-- DATASET RECORDS follows --

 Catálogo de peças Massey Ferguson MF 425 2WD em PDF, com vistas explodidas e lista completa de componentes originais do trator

-- DATASET RECORDS concluded --
-- DATASET RECORDS follows --

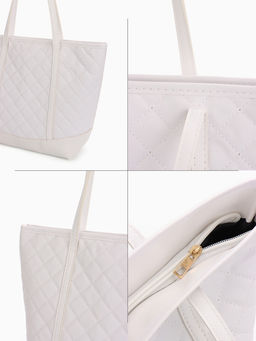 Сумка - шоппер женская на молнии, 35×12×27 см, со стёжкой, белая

-- DATASET RECORDS concluded --
-- DATASET RECORDS follows --

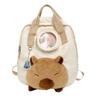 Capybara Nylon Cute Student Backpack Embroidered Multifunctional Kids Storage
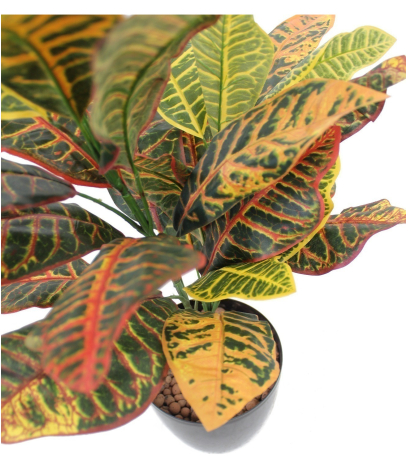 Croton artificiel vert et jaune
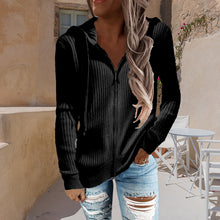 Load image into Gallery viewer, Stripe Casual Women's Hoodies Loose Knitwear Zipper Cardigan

-- DATASET RECORDS concluded --

> [WORK REQUEST]
Among the entries above, find the line with "Capybara Nylon Cute" and repeat exactly from there through the line with "Load image into", leaving out the pictures.

> [OUTPUT]
 Capybara Nylon Cute Student Backpack Embroidered Multifunctional Kids Storage
 Croton artificiel vert et jaune
 Load image into Gallery viewer, Stripe Casual Women's Hoodies Loose Knitwear Zipper Cardigan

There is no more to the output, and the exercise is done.